Pictures with short captions
>>>

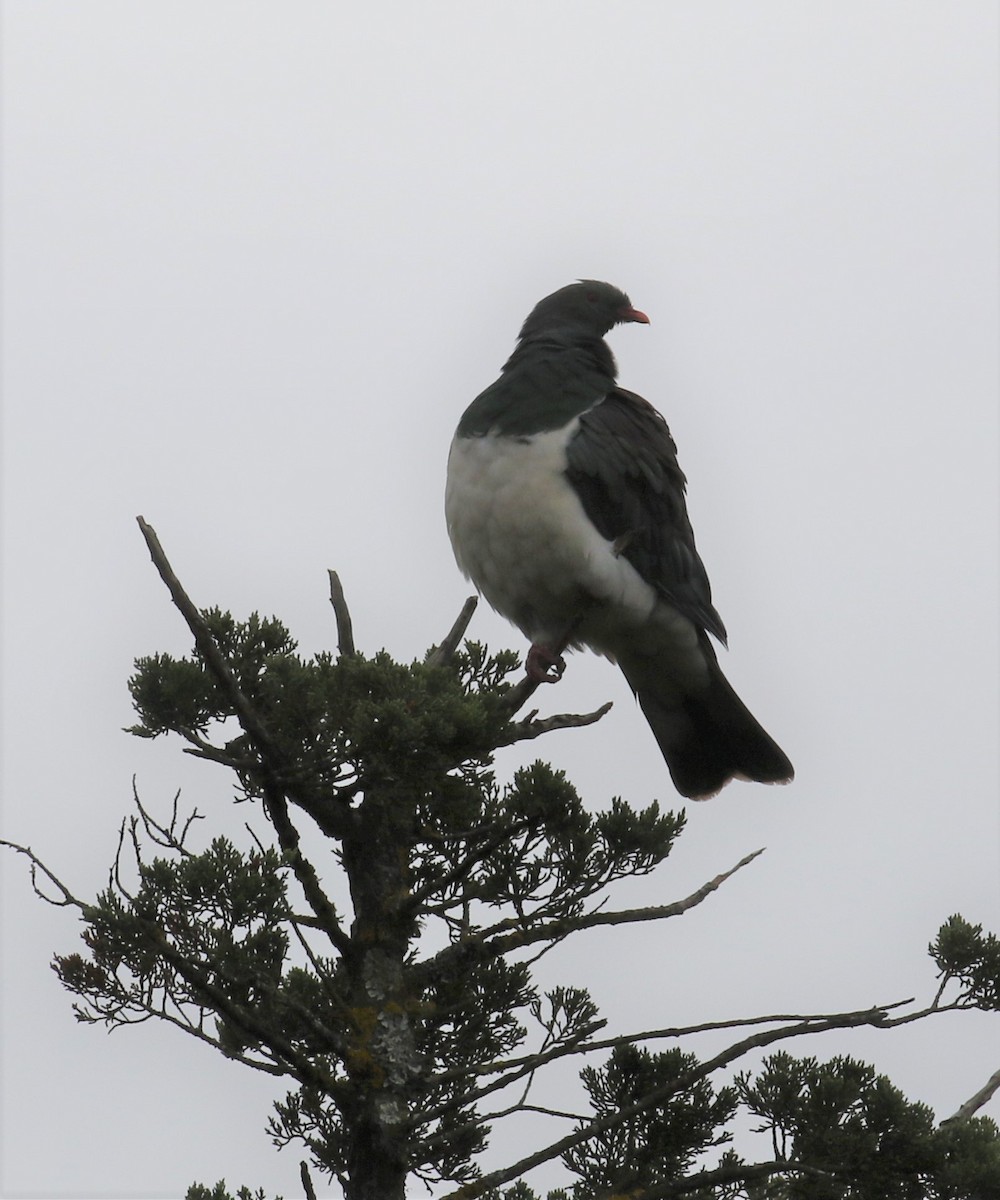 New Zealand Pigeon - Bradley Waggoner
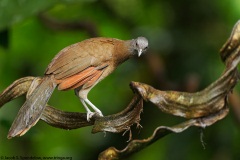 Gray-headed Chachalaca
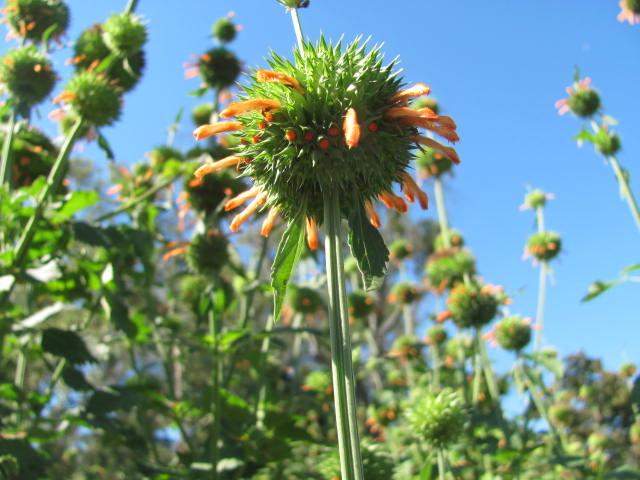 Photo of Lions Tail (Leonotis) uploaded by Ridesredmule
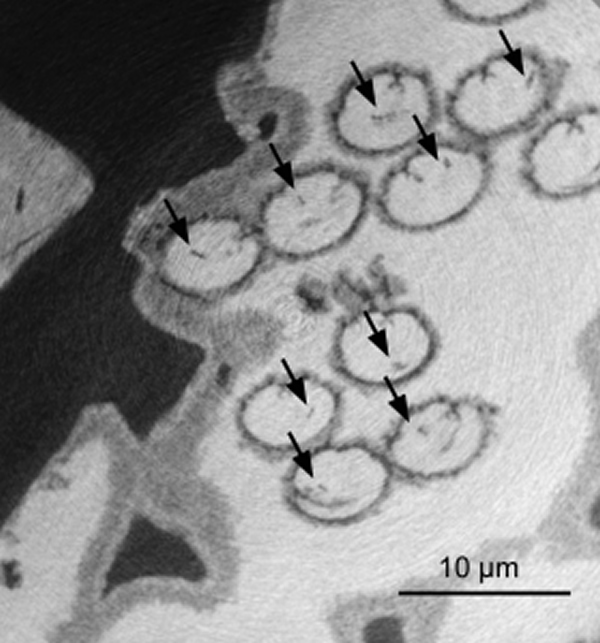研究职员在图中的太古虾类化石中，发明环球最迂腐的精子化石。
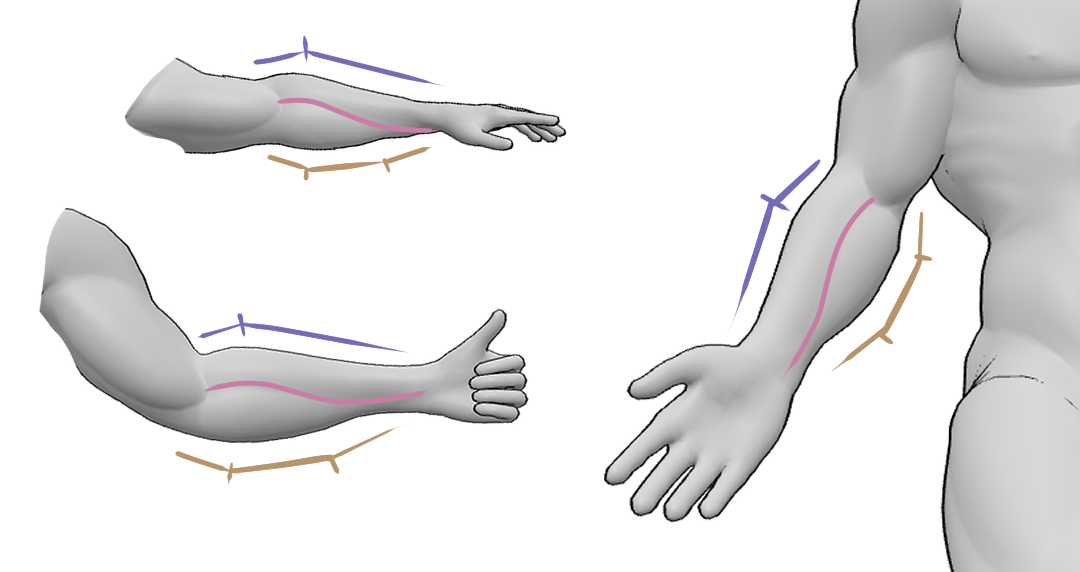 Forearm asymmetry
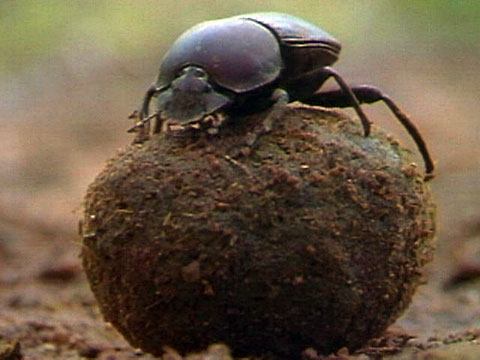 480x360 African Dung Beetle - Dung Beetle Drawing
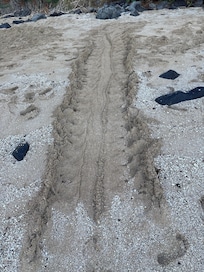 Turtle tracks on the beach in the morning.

<<<

* [TASK BRIEF]
Without the pictures, transcribe the lines from the one containing "480x360 African Dung" through the end of the data, exactly and only those.

* [ANSWER TO THIS TASK]
 480x360 African Dung Beetle - Dung Beetle Drawing
 Turtle tracks on the beach in the morning.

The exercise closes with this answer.